Given data:
########
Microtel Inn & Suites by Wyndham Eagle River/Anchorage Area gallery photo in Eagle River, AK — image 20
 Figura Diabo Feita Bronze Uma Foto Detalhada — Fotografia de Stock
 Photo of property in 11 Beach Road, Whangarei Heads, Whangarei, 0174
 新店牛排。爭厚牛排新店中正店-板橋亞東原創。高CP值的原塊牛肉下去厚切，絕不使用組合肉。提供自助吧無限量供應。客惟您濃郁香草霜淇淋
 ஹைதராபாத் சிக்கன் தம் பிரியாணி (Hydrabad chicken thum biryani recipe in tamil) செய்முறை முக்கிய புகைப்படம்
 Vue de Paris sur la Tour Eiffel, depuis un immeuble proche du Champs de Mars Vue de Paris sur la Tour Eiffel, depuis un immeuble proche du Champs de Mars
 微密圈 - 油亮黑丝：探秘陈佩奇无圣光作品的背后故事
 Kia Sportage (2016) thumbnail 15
########
Task directions:
Make an exact copy of every line from the one with "新店牛排。爭厚牛排新店中正店" to the end of the data, with the first and last of those lines included.

Result of the task:
 新店牛排。爭厚牛排新店中正店-板橋亞東原創。高CP值的原塊牛肉下去厚切，絕不使用組合肉。提供自助吧無限量供應。客惟您濃郁香草霜淇淋
 ஹைதராபாத் சிக்கன் தம் பிரியாணி (Hydrabad chicken thum biryani recipe in tamil) செய்முறை முக்கிய புகைப்படம்
 Vue de Paris sur la Tour Eiffel, depuis un immeuble proche du Champs de Mars Vue de Paris sur la Tour Eiffel, depuis un immeuble proche du Champs de Mars
 微密圈 - 油亮黑丝：探秘陈佩奇无圣光作品的背后故事
 Kia Sportage (2016) thumbnail 15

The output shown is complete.